To paraphrase National Security Adviser Steven Hadley: does this guy really know what's going on, is he lying, or is it that he really believes what he's saying but just doesn't have the power to do anything about it. I think the most likely explanation is that he's woefully misinformed. In another less quoted portion of his now infamous leaked memo Steven Hadley writes, "The information he receives is undoubtedly skewed by his small circle of Dawa advisers, coloring his actions and interpretation of reality." If anyone would know about a leader's interpretation of reality being skewed by a small circle of advisers it would be Hadley. He sees it first hand every day at the president's National Security briefing. He could just as easily be talking about W. in this memo.

This president is not only unwilling, but is also unable to make any rational decisions about Iraq policy. The question is can we afford two more years of this? The situation in Iraq goes from bad to horrific and every time you think it couldn't get any worse, it does.

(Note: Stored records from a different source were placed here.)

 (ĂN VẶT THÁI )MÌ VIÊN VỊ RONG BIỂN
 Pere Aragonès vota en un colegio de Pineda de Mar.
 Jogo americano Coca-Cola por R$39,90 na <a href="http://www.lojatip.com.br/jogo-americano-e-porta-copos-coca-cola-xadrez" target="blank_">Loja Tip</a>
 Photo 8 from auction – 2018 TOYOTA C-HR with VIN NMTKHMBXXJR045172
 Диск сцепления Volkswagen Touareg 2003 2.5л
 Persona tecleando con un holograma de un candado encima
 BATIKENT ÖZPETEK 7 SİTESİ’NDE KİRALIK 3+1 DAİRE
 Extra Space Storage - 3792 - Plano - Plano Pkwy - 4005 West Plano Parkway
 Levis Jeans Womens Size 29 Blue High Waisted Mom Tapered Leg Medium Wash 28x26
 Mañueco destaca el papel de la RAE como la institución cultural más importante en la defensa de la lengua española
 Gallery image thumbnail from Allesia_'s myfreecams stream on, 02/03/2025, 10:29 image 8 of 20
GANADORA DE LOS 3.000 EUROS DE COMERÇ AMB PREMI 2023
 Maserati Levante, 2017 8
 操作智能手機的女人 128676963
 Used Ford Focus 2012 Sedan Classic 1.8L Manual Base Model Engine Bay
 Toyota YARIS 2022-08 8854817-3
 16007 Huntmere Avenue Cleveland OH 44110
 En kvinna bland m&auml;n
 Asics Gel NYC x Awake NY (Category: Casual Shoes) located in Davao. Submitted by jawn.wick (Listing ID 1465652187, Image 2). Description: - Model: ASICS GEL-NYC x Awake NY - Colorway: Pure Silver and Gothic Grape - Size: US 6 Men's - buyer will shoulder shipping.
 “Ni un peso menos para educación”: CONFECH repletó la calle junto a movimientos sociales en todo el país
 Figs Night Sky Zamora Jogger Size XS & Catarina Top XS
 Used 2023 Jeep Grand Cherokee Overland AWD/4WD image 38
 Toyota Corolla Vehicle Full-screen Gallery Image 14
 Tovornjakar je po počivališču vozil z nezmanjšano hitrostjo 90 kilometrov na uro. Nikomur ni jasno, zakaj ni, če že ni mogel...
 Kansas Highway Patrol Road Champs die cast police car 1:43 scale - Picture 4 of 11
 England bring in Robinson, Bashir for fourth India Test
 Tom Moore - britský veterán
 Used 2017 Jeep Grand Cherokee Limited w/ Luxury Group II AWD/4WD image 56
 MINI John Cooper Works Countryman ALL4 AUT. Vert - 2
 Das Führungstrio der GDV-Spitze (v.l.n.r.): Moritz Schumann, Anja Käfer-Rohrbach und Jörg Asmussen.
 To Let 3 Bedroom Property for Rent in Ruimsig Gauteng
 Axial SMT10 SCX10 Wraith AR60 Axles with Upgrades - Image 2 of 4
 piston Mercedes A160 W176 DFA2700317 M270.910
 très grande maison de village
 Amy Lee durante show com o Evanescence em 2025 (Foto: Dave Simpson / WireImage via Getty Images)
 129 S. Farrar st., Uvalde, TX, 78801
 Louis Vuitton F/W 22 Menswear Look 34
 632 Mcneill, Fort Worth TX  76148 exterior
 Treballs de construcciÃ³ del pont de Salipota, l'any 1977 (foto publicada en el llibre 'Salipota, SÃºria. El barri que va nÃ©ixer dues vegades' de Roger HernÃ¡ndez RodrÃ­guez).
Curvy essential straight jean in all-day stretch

Just imagine where we'll be by the time W. is on his way back to the ranch in 2008. Even before the terrible bombing in Sadr City last week, which killed over 200 Iraqis in one day, the death toll for the previous two weeks was over 800. On November 20 AP reported:

"The numbers are staggering: In the last eight days, 715 Iraqis have fallen victim to the country's sectarian bloodbath. They have been beheaded, tortured and blown up while looking for work. They have been shot, kidnapped and felled by mortars. The number of killings in the last eight days is more than all but a few U.S. states see in a year. Iraq's death toll has reached at least 1,320 in November - well above the 1,216 who died in all of October, which was the deadliest month in the country since the Associated Press began tracking the figure in April 2005."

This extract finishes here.